EXERCISE INSTRUCTIONS:
Below are some entries. Transcribe the lines from the one holding "913 Springfield Road" to the one holding "Babinsa Koramil 0103/Banjar", inclusive, but not the pictures among them.

EXERCISE DATA:

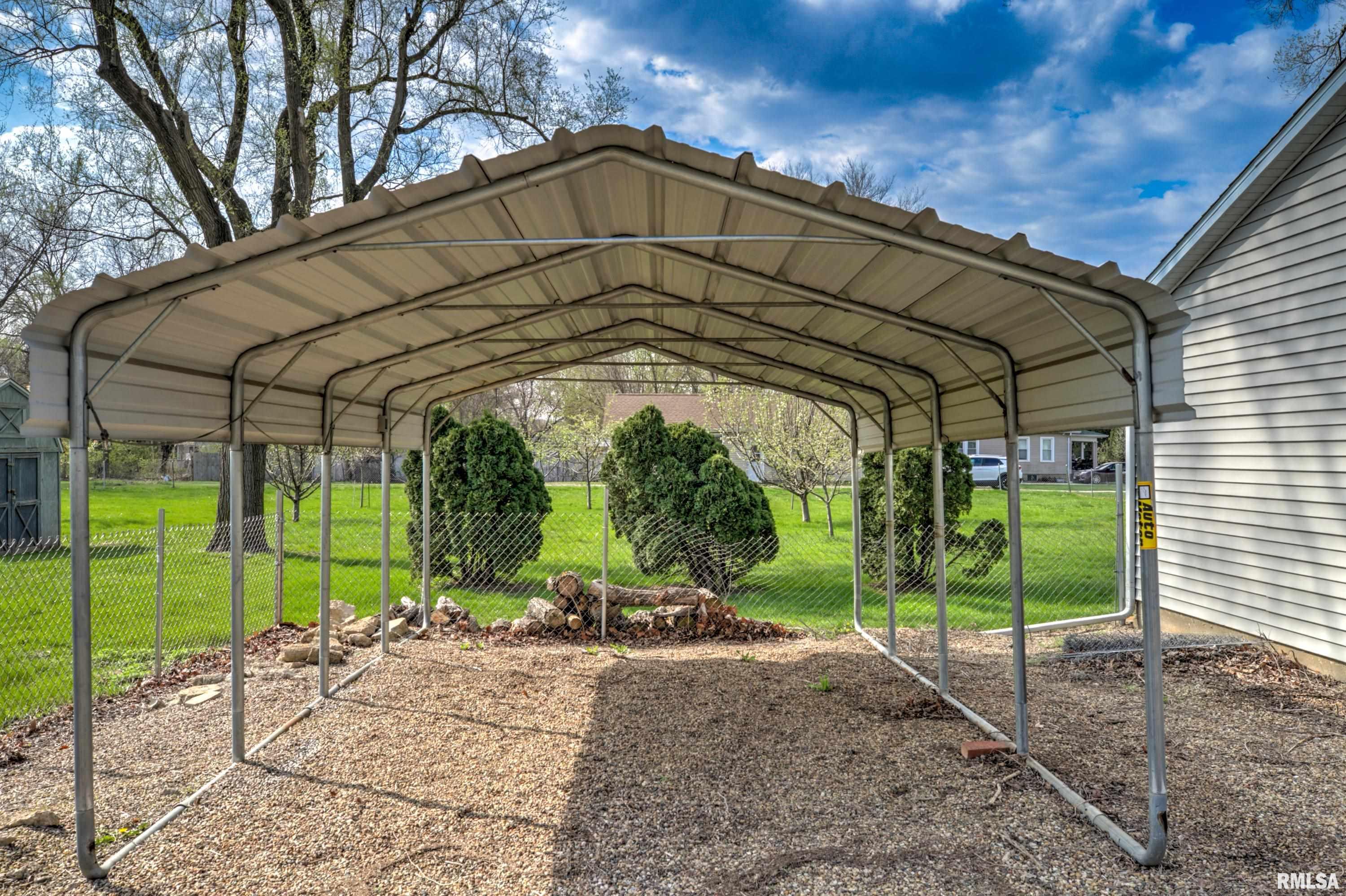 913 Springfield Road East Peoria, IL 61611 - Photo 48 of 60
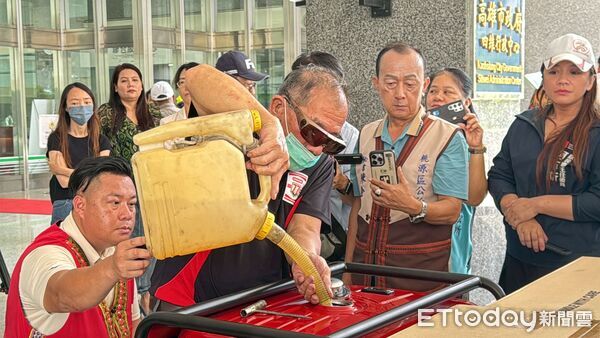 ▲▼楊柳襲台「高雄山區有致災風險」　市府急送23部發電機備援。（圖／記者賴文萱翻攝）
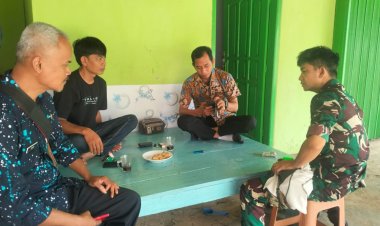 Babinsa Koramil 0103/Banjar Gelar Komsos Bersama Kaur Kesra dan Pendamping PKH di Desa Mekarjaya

==

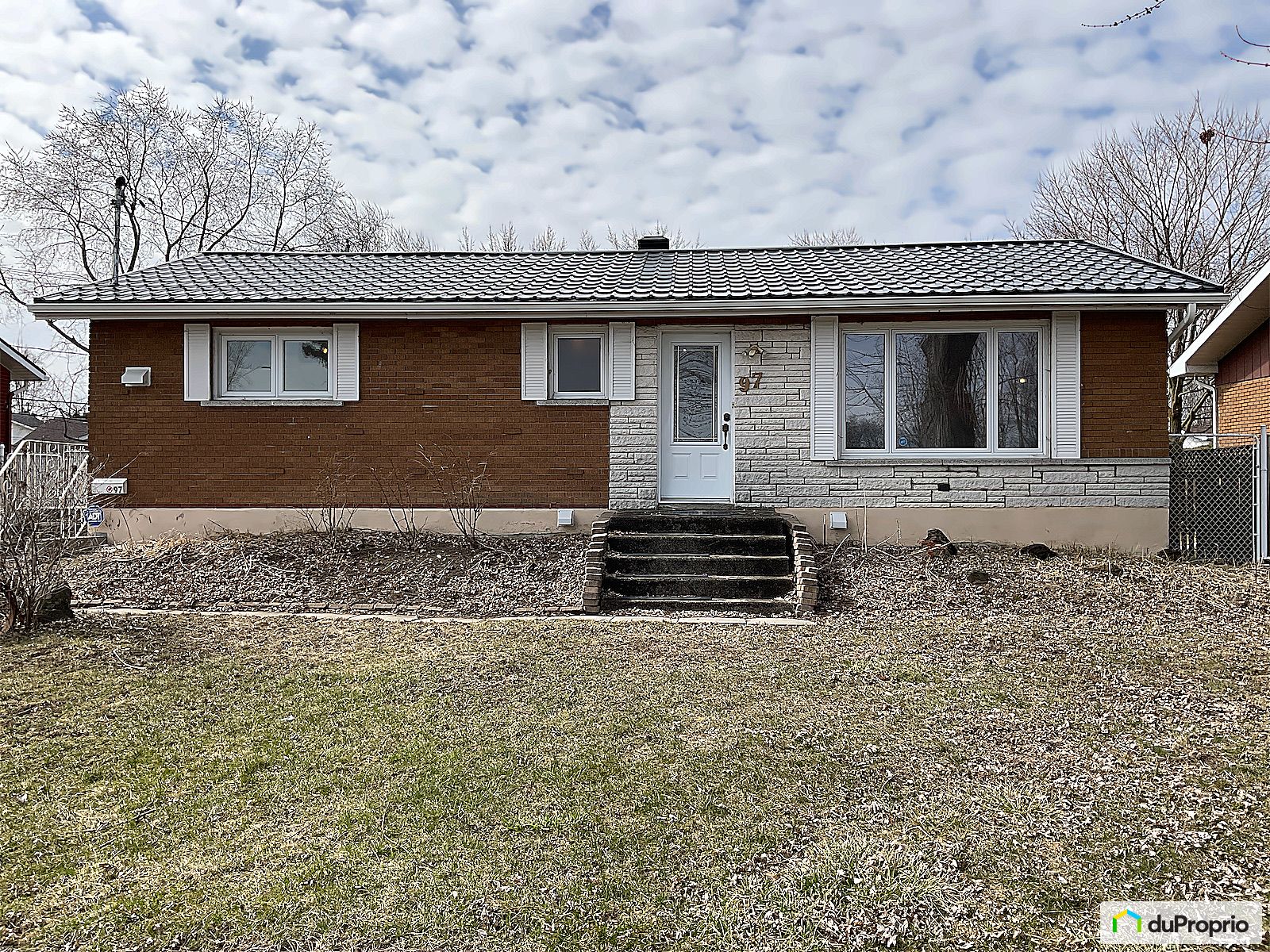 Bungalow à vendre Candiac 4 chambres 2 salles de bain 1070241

RESPONSE TO THE TASK:
 913 Springfield Road East Peoria, IL 61611 - Photo 48 of 60
 ▲▼楊柳襲台「高雄山區有致災風險」　市府急送23部發電機備援。（圖／記者賴文萱翻攝）
 Babinsa Koramil 0103/Banjar Gelar Komsos Bersama Kaur Kesra dan Pendamping PKH di Desa Mekarjaya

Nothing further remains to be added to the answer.